Vault v. Adkisson, 73--5
Court | Supreme Court of Arkansas |
Citation | 254 Ark. 75,491 S.W.2d 609 |
Docket Number | No. 73--5,73--5 |
Parties | Robert VAULT, Petitioner, v. Richard B. ADKISSON, Judge, Respondent. |
Decision Date | 19 March 1973 |
Page 609
v.
Richard B. ADKISSON, Judge, Respondent.
James R. Howard, Little Rock, for petitioner.
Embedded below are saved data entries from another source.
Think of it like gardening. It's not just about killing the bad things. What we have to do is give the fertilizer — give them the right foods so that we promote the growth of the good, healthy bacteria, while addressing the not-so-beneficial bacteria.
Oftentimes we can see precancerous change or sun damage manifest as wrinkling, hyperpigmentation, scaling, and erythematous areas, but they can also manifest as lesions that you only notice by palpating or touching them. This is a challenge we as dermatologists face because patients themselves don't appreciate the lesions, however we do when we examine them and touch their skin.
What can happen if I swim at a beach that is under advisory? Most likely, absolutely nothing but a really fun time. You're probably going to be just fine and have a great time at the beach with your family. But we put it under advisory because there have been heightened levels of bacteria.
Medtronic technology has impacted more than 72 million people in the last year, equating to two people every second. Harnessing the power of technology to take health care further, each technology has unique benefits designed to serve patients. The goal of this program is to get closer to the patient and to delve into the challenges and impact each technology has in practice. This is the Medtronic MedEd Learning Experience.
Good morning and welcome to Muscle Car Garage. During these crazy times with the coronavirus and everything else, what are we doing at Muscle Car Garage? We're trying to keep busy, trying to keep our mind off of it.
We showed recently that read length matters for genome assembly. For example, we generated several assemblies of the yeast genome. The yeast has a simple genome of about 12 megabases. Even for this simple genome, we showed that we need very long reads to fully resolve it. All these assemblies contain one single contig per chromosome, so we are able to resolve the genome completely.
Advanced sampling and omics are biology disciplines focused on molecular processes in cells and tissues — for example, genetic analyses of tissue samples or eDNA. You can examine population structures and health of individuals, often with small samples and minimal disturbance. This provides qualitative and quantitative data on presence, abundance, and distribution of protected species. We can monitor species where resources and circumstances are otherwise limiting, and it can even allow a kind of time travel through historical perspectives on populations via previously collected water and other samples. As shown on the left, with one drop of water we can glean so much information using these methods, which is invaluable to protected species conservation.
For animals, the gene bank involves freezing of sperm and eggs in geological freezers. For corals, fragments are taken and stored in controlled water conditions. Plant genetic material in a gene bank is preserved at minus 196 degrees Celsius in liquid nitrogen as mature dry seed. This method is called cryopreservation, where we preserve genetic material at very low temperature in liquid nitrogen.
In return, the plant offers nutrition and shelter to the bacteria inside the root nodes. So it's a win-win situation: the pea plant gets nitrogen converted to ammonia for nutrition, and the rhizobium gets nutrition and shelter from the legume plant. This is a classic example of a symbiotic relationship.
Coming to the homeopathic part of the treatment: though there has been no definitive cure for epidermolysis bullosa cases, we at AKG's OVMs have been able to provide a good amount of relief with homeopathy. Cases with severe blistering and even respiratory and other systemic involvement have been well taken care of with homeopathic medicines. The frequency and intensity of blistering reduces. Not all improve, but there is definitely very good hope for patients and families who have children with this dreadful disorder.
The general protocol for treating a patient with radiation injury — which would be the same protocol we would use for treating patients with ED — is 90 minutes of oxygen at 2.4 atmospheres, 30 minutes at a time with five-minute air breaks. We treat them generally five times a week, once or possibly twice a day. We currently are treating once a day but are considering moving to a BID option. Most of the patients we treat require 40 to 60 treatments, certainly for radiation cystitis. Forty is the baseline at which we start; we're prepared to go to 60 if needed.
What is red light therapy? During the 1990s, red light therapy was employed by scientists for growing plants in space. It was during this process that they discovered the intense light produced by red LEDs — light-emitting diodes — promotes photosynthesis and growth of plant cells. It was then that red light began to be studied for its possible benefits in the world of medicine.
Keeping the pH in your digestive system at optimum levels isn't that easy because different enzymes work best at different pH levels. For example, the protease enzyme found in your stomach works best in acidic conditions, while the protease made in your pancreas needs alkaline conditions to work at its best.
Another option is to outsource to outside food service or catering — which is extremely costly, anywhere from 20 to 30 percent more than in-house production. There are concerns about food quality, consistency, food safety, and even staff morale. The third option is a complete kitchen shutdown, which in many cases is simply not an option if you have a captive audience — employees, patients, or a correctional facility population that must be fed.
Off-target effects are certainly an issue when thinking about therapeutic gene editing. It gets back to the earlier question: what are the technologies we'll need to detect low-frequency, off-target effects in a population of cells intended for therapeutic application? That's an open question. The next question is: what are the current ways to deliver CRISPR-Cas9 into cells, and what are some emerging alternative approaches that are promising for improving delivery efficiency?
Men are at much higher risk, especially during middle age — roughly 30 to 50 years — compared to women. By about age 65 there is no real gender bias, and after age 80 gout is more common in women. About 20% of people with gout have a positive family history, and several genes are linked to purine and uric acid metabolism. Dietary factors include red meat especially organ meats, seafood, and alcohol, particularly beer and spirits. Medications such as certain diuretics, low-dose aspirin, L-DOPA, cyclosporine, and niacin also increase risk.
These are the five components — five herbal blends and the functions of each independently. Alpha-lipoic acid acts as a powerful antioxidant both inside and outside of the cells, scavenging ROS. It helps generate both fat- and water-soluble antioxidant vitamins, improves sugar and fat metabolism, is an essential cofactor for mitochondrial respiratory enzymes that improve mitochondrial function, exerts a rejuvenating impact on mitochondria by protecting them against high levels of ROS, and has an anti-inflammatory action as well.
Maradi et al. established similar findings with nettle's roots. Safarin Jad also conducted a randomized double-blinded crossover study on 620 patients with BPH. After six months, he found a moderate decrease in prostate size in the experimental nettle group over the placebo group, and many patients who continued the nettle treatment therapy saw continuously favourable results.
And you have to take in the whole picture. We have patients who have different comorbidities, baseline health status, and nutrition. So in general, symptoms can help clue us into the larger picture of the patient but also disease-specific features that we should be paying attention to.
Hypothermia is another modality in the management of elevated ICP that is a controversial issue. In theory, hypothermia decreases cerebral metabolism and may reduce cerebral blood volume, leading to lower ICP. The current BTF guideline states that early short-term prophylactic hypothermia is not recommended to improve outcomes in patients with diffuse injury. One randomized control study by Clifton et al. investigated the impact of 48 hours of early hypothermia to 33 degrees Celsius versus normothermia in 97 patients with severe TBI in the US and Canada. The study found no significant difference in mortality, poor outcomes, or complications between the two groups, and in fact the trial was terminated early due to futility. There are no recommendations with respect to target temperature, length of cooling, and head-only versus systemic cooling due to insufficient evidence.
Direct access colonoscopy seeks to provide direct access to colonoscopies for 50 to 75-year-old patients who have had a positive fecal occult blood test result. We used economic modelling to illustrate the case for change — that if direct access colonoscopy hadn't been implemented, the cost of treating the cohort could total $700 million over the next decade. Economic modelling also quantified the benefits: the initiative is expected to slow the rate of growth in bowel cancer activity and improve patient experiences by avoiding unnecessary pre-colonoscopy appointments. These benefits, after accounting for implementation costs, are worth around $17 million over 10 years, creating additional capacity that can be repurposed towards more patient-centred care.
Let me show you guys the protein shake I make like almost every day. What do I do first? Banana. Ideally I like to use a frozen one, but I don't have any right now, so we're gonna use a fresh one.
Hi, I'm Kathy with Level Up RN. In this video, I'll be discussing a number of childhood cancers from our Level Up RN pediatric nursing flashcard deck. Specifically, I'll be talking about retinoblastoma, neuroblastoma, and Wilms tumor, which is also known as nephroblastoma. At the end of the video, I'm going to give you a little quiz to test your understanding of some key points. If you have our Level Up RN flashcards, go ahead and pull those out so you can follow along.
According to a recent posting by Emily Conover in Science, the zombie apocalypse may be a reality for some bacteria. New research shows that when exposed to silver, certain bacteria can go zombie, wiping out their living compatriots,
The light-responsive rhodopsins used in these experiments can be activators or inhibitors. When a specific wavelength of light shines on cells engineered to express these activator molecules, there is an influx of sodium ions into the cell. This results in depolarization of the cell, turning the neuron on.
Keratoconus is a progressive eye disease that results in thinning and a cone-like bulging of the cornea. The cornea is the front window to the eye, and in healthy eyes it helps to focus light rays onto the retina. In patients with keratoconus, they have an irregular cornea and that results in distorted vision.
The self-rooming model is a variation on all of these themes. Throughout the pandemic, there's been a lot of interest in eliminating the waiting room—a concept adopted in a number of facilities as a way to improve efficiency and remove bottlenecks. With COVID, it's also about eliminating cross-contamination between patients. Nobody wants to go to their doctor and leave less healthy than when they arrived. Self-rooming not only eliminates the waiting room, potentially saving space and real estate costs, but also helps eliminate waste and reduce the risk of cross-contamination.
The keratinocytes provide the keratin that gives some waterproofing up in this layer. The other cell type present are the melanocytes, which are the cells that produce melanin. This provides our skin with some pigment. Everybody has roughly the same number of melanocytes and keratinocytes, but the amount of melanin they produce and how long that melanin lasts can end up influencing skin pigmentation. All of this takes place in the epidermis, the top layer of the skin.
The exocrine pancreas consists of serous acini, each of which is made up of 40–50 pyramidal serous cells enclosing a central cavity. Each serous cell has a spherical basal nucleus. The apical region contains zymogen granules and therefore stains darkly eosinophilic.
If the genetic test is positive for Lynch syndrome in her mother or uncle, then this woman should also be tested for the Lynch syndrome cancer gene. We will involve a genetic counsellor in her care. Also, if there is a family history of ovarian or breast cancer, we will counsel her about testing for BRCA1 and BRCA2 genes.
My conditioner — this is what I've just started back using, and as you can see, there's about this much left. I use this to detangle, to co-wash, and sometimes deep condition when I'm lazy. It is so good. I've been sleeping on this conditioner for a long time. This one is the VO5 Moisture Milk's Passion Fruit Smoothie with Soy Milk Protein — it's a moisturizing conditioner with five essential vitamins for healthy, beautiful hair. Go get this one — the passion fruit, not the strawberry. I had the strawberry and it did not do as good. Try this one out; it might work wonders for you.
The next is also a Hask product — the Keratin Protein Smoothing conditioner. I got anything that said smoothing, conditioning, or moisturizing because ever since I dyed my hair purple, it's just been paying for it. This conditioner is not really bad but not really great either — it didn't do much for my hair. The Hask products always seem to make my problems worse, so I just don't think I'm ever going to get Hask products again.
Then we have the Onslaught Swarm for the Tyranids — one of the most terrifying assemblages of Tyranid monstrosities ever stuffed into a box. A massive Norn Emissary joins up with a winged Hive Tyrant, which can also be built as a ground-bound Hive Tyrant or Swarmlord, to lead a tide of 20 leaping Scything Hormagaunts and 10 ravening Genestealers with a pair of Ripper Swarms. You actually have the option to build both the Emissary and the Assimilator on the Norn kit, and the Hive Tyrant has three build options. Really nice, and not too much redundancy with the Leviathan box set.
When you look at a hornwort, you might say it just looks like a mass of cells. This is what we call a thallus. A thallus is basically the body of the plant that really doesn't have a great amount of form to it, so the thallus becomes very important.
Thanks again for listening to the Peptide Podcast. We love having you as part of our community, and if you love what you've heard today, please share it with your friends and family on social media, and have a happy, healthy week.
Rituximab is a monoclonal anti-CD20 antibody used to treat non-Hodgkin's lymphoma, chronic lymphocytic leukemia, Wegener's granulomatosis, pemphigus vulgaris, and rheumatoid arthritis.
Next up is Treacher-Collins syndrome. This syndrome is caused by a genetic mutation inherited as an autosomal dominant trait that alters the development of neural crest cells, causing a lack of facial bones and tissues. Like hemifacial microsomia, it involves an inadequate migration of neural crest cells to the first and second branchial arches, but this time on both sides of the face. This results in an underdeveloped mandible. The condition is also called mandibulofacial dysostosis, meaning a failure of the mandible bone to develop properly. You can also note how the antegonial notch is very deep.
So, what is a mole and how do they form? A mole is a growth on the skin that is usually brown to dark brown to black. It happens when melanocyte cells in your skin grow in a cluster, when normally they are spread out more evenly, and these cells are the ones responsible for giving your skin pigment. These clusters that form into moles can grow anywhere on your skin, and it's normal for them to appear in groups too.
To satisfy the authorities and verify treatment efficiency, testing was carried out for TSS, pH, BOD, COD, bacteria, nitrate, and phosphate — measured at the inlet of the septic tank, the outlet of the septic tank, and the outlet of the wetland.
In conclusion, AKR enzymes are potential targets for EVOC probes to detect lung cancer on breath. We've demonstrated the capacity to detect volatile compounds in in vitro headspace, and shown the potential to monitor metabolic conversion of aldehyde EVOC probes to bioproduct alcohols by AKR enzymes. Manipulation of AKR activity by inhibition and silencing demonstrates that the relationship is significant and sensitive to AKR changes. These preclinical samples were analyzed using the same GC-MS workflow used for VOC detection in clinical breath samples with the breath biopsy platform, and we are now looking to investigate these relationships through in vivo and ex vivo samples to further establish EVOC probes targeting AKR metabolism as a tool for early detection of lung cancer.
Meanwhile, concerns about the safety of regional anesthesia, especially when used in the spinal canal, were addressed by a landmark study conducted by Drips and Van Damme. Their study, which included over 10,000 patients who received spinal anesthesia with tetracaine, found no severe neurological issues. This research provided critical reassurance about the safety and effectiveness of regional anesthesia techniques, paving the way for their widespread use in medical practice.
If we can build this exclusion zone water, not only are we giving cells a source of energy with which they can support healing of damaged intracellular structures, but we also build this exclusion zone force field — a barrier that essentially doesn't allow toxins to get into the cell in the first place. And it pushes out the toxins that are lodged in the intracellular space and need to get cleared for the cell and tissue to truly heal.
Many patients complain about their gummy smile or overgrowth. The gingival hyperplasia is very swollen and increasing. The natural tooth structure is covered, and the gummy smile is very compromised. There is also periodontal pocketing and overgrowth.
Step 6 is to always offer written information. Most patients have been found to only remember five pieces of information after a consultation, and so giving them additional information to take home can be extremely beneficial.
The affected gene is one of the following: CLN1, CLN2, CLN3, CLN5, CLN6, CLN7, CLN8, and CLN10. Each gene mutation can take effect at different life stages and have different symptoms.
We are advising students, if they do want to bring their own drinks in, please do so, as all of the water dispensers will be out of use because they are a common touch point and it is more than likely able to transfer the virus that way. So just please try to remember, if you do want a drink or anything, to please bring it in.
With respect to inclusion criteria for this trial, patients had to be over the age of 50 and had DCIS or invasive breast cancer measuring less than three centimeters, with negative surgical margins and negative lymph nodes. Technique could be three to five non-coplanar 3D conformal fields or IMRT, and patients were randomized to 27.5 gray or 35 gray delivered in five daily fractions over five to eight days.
Jim Guy Tucker, Atty. Gen. by Frank B. Newell, Asst. Atty. Gen., Little Rock, for respondent.
Page 610
HARRIS, Chief Justice.
Petitioner, Robert Vault, was jointly charged with two other co-defendants with the crime of Murder in the First Degree. On November 6, 1972, Vault moved for a severance under the provisions of Ark.Stat.Ann. § 43--1802 (Repl.1964), such motion being denied by the court. Thereafter, Vault filed a petition with this court seeking a Writ of Mandamus, his contention being that the severance provided for in the aforementioned statute is mandatory and the court has no discretion in the matter. The pertinent parts of the section at issue read as follows:
'When two (2) or more defendants are jointly indicted for a capital offense, any defendant requiring it is entitled to a separate trial; when indicted for a felony [254 Ark. 76] less than capital, defendants may be tried jointly or separately, in the discretion of the trial court.'
The filing of this petition is, of course, occasioned by the United States Supreme Court ruling in Furman v. Georgia, 408 U.S. 238, 92 S.Ct. 2726, 33 L.Ed.2d 346 (1972), in which the court decided that where a jury is permitted to decide between the punishments of life and death, the death penalty constitutes cruel and unusual punishment and the court held this interpretation applicable to the States through the Fourteenth Amendment. We recognized this holding in Graham v. State, 253 Ark. ---, 486 S.W.2d 678, (1972). Petitioner argues that since 'capital offenses' no longer exist, the most severe penalty provided is life imprisonment, and we should construe the statute to hold that one is entitled to a severance when he is subject to the most severe penalty known to the law. To hold otherwise, says petitioner, would be to emasculate the section, which would be contrary to our long-established rules of statutory construction. It is true that we have said that where practicable, statutes will be construed so that every provision contained therein may be operative, 1 but we do not agree that such a construction in the petition before us would be practicable. Actually, we are being asked to change the wording 'for a capital offense' to 'for an offense punishable by life imprisonment', and such a...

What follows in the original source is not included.